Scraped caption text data

* * * *

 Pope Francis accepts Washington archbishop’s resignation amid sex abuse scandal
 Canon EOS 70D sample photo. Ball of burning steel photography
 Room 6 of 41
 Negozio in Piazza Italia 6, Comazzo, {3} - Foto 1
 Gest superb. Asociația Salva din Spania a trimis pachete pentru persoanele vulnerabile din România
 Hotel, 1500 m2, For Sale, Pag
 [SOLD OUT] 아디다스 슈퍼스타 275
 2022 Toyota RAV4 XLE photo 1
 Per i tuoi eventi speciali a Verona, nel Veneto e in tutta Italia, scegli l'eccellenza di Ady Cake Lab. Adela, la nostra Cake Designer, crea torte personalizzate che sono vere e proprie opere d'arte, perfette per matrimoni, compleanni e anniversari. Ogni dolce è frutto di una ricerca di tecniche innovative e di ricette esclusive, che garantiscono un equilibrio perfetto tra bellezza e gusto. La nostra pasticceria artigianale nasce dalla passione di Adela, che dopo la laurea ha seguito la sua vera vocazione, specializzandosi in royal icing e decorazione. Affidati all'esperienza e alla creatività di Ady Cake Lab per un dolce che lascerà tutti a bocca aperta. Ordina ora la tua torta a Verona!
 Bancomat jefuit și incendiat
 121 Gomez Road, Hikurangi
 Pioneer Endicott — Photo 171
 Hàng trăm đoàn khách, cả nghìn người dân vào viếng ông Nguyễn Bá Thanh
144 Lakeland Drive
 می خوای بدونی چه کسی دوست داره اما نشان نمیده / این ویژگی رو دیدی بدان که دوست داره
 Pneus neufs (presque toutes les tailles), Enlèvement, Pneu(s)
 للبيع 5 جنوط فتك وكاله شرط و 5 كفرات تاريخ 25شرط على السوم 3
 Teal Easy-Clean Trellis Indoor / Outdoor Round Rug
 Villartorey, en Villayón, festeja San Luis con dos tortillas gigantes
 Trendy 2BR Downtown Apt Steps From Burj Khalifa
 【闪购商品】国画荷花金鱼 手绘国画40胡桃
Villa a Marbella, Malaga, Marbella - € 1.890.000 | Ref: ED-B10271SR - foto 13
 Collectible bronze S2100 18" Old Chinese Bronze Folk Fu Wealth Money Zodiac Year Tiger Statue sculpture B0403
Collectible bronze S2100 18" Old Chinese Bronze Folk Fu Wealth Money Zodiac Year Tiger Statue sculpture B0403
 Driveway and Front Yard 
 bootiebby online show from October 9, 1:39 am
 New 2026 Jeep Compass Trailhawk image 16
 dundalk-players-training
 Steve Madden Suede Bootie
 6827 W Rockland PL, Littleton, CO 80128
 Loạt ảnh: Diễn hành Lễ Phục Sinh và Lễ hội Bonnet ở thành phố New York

* * * *

TASK: Read each line of the data and count the ones that include "Money", answering with the number alone.

RESPONSE TO THIS TASK: 2